To play the game, each unit (bird) has its own neural network consisted of the next 3 layers:

  1. an input layer with 2 neurons presenting what a bird sees:

    1) horizontal distance between the bird and the closest gap
    2) height difference between the bird and the closest gap
    
  2. a hidden layer with 6 neurons

  3. an output layer with 1 neuron used to provide an action as follows:

    if output > 0.5 then flap else do nothing
    

Flappy Bird Neural Network

There is used Synaptic Neural Network library to implement entire artificial neural network instead of making a new one from the scratch.

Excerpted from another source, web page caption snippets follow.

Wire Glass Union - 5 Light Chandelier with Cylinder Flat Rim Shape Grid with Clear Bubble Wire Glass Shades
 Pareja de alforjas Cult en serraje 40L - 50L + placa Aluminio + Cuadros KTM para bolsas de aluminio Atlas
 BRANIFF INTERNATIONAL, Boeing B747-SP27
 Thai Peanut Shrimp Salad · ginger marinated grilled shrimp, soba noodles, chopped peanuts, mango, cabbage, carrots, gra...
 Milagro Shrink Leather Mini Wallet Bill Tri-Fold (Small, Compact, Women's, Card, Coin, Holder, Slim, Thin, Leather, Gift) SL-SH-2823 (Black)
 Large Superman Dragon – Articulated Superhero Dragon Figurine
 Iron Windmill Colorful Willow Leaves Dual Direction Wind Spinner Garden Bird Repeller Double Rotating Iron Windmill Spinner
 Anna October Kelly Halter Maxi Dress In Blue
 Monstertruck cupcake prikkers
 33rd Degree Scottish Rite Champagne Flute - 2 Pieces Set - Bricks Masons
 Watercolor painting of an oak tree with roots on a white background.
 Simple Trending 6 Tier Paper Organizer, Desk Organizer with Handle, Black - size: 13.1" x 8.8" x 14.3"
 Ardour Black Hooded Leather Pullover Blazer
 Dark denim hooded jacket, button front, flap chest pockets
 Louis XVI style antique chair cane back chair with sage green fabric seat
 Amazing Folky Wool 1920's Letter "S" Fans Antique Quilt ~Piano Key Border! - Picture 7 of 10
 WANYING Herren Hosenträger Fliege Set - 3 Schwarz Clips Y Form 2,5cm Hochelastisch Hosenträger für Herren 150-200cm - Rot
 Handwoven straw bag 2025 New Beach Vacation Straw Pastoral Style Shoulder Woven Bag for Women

The Main Concept of Machine Learning

The main concept of machine learning implemented in this program is based on the neuro-evolution form. It uses evolutionary algorithms such as a genetic algorithm to train artificial neural networks. Here are the main steps:

  1. create a new population of 10 units (birds) with a random neural network

  2. let all units play the game simultaneously by using their own neural networks

  3. for each unit calculate its fitness function to measure its quality as:

    fitness = total travelled distance - distance to the closest gap
    

    Flappy Bird Fitness

  4. when all units are killed, evaluate the current population to the next one using genetic algorithm operators (selection, crossover and mutation) as follows:

    1. sort the units of the current population in decreasing order by their fitness ranking
    2. select the top 4 units and mark them as the winners of the current population
    3. the 4 winners are directly passed on to the next population
    4. to fill the rest of the next population, create 6 offsprings as follows:
        - 1 offspring is made by a crossover of two best winners
        - 3 offsprings are made by a crossover of two random winners
        - 2 offsprings are direct copy of two random winners
    5. to add some variations, apply random mutations on each offspring.
    
  5. go back to the step 2

Implementation

Requirements

Since the program is written in HTML5 using Phaser framework and Synaptic Neural Network library you need these files:

  • phaser.min.js
  • synaptic.min.js

NOTE

The implementation is currently supported only on Firefox. The project is based on the repository here.